Spotanalyse

Deutschland: Auftragseingang legt den dritten Monat in Folge zu

Dr. Thomas Gitzel, Chief Economist VP Bank Group
Lesedauer: 3 Min
Der Auftragseingang legt im Juli um 2.8 % gegenüber dem Vormonat zu. Das ist der dritte Anstieg in Folge – was für die normalerweise volatile Entwicklung der Auftragseingänge ungewöhnlich positiv ist. Das Plus fällt allerdings weniger deutlich aus als erwartet worden war. Vor allem aus dem Inland selbst kommen weniger Bestellungen. Das Ausland bestellt aber kräftig.

Die deutsche Wirtschaft atmet durch. Die Auftragslage bessert sich – wenngleich weniger deutlich als erwartet worden war. Rechnet man allerdings die schwankungsanfälligen Grossaufträge heraus, lag das Auftragsplus bei 6.2 % gegenüber dem Vormonat. Das Zahlenwerk ist deshalb trotz der etwas schwächer als erwarteten Entwicklung ein gutes.

Füllen sich die Auftragsbücher, ist das auch eine gute Nachricht für all diejenigen Arbeitnehmer, die von Kurzarbeit betroffen sind. Das deutsche verarbeitende Gewerbe ist geordnet nach Wirtschaftssektoren der drittgrösste Arbeitgeber Deutschlands. Dies zeigt, von welch zentraler Bedeutung die Auftragseingangsdaten für die gesamte deutsche Volkswirtschaft sind. Mehr Aufträge heisst auch mehr Beschäftigung. Mehr Beschäftigung heisst wiederum mehr privater Konsum. Es ist eine reine Labsal, wenn sich die Auftragsbücher füllen.

Doch bei aller Freude über das neuerliche Plus darf die Gesamtsituation nicht vergessen werden. Die Auftragseingänge sind das eine, das andere ist der absolute Auftragsbestand. Letzterer sieht noch immer wenig erbaulich aus. Die Auftragslage mag sich derzeit bessern, doch Fakt ist, dass der Auftragsbestand seit dem Jahr 2019 im Sinkflug war. Bereits vor Ausbruch der Corona-Pandemie war das Wehklagen im produzierenden Gewerbe unüberhörbar.

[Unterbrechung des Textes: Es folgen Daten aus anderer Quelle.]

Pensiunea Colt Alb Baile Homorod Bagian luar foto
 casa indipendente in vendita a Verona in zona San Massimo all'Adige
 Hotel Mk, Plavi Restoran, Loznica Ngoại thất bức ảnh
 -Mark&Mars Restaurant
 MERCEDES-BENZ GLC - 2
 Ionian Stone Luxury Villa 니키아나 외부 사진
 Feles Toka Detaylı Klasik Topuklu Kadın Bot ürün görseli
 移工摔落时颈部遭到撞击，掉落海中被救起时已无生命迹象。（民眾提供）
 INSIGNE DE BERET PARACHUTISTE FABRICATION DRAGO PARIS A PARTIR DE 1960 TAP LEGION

Der seit Mai beobachtbare kräftige Auftragszuwachs ist ein Reflex auf den massiven Einbruch bedingt durch den Lockdown im März und im April. Gegenüber dem Juli 2019 liegen die Auftragseingänge noch immer 7.3 % im Minus. Dies zeigt, dass die Lage keineswegs schon wieder rosig ist. Und es gibt noch einen weiteren wunden Punkt. Im Vergleich zum Vormonat gingen die Aufträge aus dem Inland um 10.2 % zurück. Die deutsche Industrie selbst tritt mit Neubestellungen auf die Bremse. Es waren den starken Bestellungen aus dem Ausland zu verdanken, dass am Ende ein Plus von 2.8 % zu Buche steht. Die Auftragseingänge aus der Eurozone stiegen um 7.3 %. Die Auftragseingänge aus dem restlichen Ausland legten sogar um 19.2 % gegenüber Juni 2020 zu.

In der Gesamtschau gilt: Wir können uns über das dritte Auftragsplus in Folge freuen. Es geht wieder voran. Allerdings sollte bei aller Freude nicht in Vergessenheit geraten, dass die Lage im verarbeitenden Gewerbe bereits vor der Corona-Pandemie eine schwierige war. Der Strukturwandel in der Automobilbranche belastet. Die Maschinen- und Anlagenbauer können ein Lied davon singen. Die schlimmsten Schmerzen mögen gelindert sein, chronische wirtschaftliche Verspannungen bleiben dem verarbeitenden Gewerbe vorerst erhalten.